# Canon index and metadata

Build a stable `meta.csv` for the canon corpus and run a quick token-length audit for LaTa.


In [None]:
from pathlib import Path
import os
import sys


def in_colab() -> bool:
    return "COLAB_GPU" in os.environ or "COLAB_RELEASE_TAG" in os.environ


if in_colab():
    from google.colab import drive

    drive.mount("/content/drive")
    REPO_ROOT = Path(os.environ.get("REPO_ROOT", "/content/localLatin"))
    CANON_ROOT = Path(os.environ.get("CANON_ROOT", "/content/drive/MyDrive/localLatin_data/canon"))
    RUNS_ROOT = Path(os.environ.get("RUNS_ROOT", "/content/drive/MyDrive/localLatin_runs/ff1_lata_postact"))
else:
    def find_repo_root(start: Path) -> Path:
        for candidate in [start, *start.parents]:
            if (candidate / "canon").exists() and (candidate / "src").exists():
                return candidate
        raise FileNotFoundError("Could not locate repo root containing canon/ and src/")

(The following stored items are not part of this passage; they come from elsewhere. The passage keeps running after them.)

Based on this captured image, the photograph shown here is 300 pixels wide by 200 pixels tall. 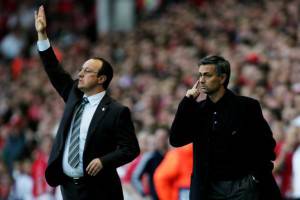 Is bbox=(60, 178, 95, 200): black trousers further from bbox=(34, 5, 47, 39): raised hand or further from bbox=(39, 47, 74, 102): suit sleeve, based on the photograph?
bbox=(34, 5, 47, 39): raised hand

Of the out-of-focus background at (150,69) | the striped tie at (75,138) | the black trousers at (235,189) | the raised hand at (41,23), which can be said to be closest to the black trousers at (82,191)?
the striped tie at (75,138)

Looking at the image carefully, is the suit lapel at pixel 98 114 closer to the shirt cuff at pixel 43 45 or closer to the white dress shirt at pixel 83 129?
the white dress shirt at pixel 83 129

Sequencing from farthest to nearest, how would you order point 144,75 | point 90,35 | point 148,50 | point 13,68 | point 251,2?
1. point 90,35
2. point 13,68
3. point 251,2
4. point 148,50
5. point 144,75

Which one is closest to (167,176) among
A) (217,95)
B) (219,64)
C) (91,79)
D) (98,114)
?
(98,114)

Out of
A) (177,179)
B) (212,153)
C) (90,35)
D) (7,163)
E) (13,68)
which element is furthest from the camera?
(90,35)

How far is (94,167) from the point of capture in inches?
325

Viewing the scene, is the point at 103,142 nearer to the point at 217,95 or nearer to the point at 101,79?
the point at 101,79

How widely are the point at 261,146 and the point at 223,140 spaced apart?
310 millimetres

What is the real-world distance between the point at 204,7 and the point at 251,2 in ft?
5.07

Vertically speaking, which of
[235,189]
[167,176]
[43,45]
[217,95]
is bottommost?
[167,176]

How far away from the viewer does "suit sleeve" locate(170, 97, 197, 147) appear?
27.0ft

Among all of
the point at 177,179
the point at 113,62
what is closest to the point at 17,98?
the point at 113,62

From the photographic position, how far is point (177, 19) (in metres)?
22.2

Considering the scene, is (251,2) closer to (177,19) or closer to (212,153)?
(177,19) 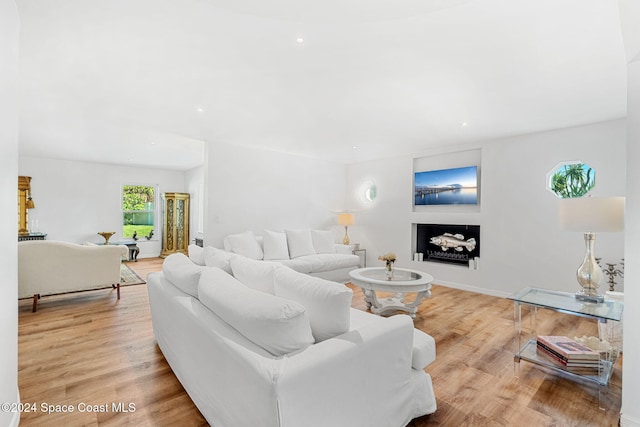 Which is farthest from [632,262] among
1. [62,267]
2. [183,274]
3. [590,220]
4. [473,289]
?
[62,267]

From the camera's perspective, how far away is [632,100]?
1712 millimetres

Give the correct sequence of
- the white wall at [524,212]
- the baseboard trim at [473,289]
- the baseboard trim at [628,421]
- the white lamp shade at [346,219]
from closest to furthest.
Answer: the baseboard trim at [628,421] → the white wall at [524,212] → the baseboard trim at [473,289] → the white lamp shade at [346,219]

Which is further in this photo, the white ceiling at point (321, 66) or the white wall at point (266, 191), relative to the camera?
the white wall at point (266, 191)

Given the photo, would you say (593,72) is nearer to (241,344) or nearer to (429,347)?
(429,347)

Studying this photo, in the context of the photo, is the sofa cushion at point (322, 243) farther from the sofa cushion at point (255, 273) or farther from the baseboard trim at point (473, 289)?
the sofa cushion at point (255, 273)

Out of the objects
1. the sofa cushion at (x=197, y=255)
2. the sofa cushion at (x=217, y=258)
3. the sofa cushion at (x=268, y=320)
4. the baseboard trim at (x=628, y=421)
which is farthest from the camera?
the sofa cushion at (x=197, y=255)

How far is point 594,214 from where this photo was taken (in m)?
2.14

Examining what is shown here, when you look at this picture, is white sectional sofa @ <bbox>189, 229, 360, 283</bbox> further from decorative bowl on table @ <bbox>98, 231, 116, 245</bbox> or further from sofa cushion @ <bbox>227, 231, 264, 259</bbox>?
decorative bowl on table @ <bbox>98, 231, 116, 245</bbox>

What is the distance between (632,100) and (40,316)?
18.1 ft

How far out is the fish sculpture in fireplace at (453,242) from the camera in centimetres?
488

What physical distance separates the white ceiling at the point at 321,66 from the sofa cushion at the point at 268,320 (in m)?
1.62

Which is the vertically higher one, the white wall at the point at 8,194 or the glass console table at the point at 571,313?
the white wall at the point at 8,194

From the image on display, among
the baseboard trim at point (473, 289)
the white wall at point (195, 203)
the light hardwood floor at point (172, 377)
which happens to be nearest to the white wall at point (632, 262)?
the light hardwood floor at point (172, 377)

    REPO_ROOT = Path(os.environ.get("REPO_ROOT", "")) if os.environ.get("REPO_ROOT") else find_repo_root(Path.cwd())
    CANON_ROOT = Path(os.environ.get("CANON_ROOT", str(REPO_ROOT / "canon")))
    RUNS_ROOT = Path(os.environ.get("RUNS_ROOT", str(REPO_ROOT / "runs" / "ff1_lata_postact")))

sys.path.append(str(REPO_ROOT / "src"))

print(f"REPO_ROOT: {REPO_ROOT}")
print(f"CANON_ROOT: {CANON_ROOT}")
print(f"RUNS_ROOT: {RUNS_ROOT}")


In [None]:
import pandas as pd

from canon_retrieval import build_meta, meta_stats

META_CSV = str(RUNS_ROOT / "meta.csv")
RUNS_ROOT.mkdir(parents=True, exist_ok=True)

meta = build_meta(str(CANON_ROOT), META_CSV)
stats = meta_stats(meta)

print(f"Meta saved to: {META_CSV}")
print(stats)
meta.head()


FileNotFoundError: Could not locate repo root containing canon/ and src/

In [None]:
from transformers import AutoTokenizer

from canon_retrieval import load_texts, token_lengths

MODEL_NAME = "bowphs/LaTa"
MAX_LENGTH = 512

texts = load_texts(meta["path"].tolist())
tokenizer = AutoTokenizer.from_pretrained(MODEL_NAME)
lengths = token_lengths(tokenizer, texts, max_length=MAX_LENGTH)

print(f"Token length stats (max_length={MAX_LENGTH})")
print(f"  mean={lengths.mean():.2f}, max={lengths.max()}, min={lengths.min()}")
print(f"  truncated={(lengths >= MAX_LENGTH).sum()}")